Q&A With Shaukat Ajmeri March 25, 2020 – Posted in: Interviews – Tags: Fiction, Keepers of the Faith, Shaukat Ajmeri
Shaukat Ajmeri is the author of Keepers of the Faith. This is his debut novel, due to be published in April. We asked him a few questions about the novel and some of the challenges he faced in writing it.
Was there any special research required for Keepers of the Faith?
Not a lot, but I had to read up on Islamic history and philosophy especially pertaining to the various Ismaili communities. Farhad Daftary’s tome The Ismailis was very useful in that.
The novel covers some historical events, so I made sure I got the dates right and also some of the salient details. Although the scenes surrounding those events are fictionalized but I’ve tried to maintain the feel and the authenticity of what came to pass.
What were some of the hardest scenes to write and why?
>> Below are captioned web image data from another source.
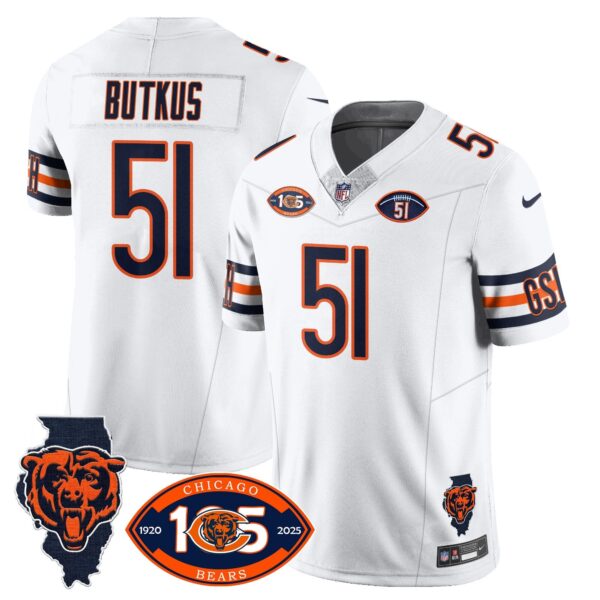 Bears 1920-2025 – The Bears Jersey – All Stitched – Dick Butkus – 51 – White Jersey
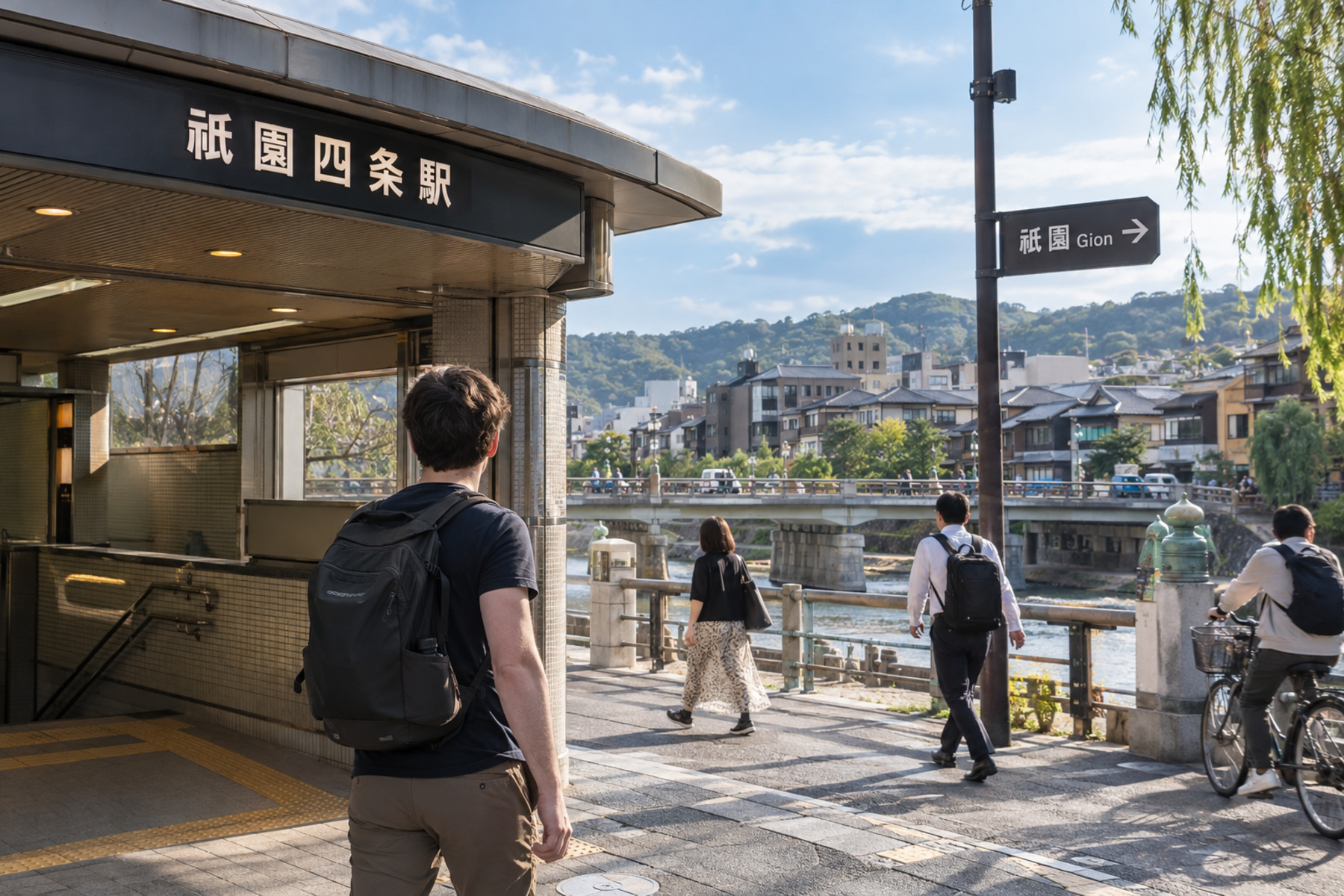 Schematic map of Osaka to Kyoto rail routes and arrival stations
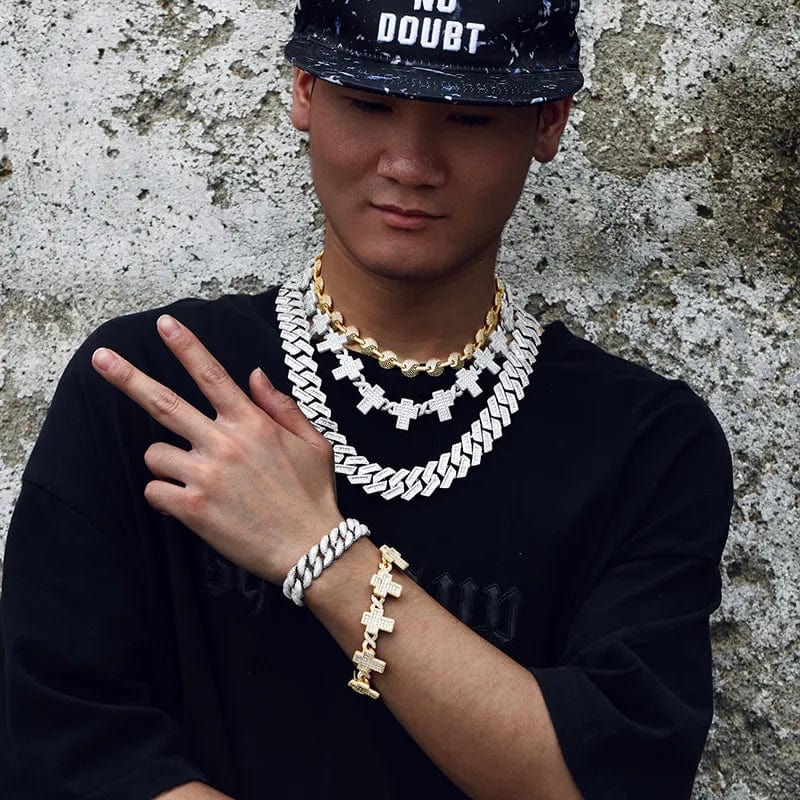 VVS Jewelry hip hop jewelry 8mm VVS Moissanite Fully Iced Cross Cuban Chain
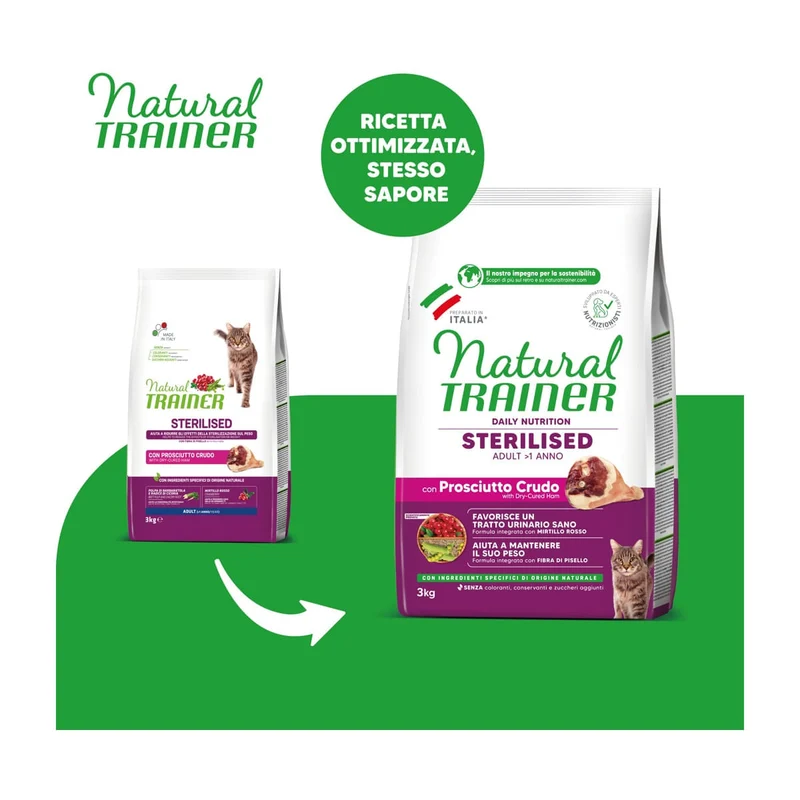 Natural Trainer Gatto Sterilised con Prosciutto 3kg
The scenes I struggled with the most were the ones that deal with relationships. My challenge was to remain true to the characters, the ways they behave and the choices they make. Some scenes needed to be handled with nuance and sensitivity, and at the same time allow the reader to see the world from each character’s perspective. The main protagonists are complex people and fate has put them in a very tight and unenviable situation, which they have to come to terms with somehow. A few scenes I rewrote three times until I thought I got them right. But of course, readers are the ultimate judge and I would like to know what they think.
What is something that you want readers to take away by reading your book?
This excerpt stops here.